### Source data
━━━━━━━━━━━━━━━━━━━━━━━━━━━━━━

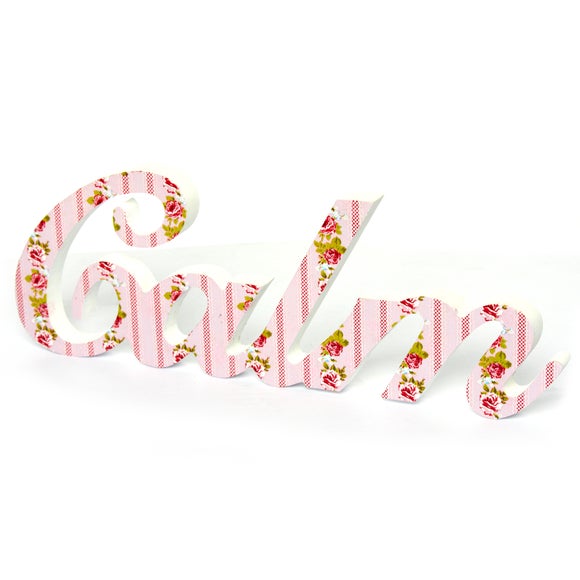 Room in Bloom Collection Calm Word Sign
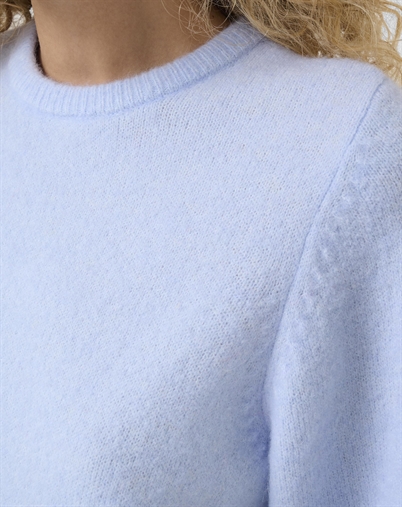 Gestuz - GZAlpha Strik T-shirt - Blue Finch Melange 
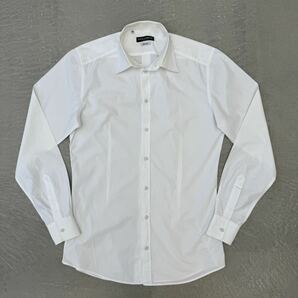ドルチェ&ガッバーナ コットン シャツ ホワイト 40 Dolce&Gabbana 長袖 白 ワイシャツ ドレスシャツ フォーマルの画像1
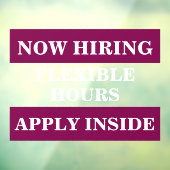 Nu Huren Help Gezocht Zakelijk Werknemer Huren Per Raamsticker (Vel 3)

━━━━━━━━━━━━━━━━━━━━━━━━━━━━━━

Set the lines down exactly as they stand, from the one containing "ドルチェ&ガッバーナ コットン シャツ" through the end of the listing, omitting every picture.

### Worked solution
ドルチェ&ガッバーナ コットン シャツ ホワイト 40 Dolce&Gabbana 長袖 白 ワイシャツ ドレスシャツ フォーマルの画像1
 Nu Huren Help Gezocht Zakelijk Werknemer Huren Per Raamsticker (Vel 3)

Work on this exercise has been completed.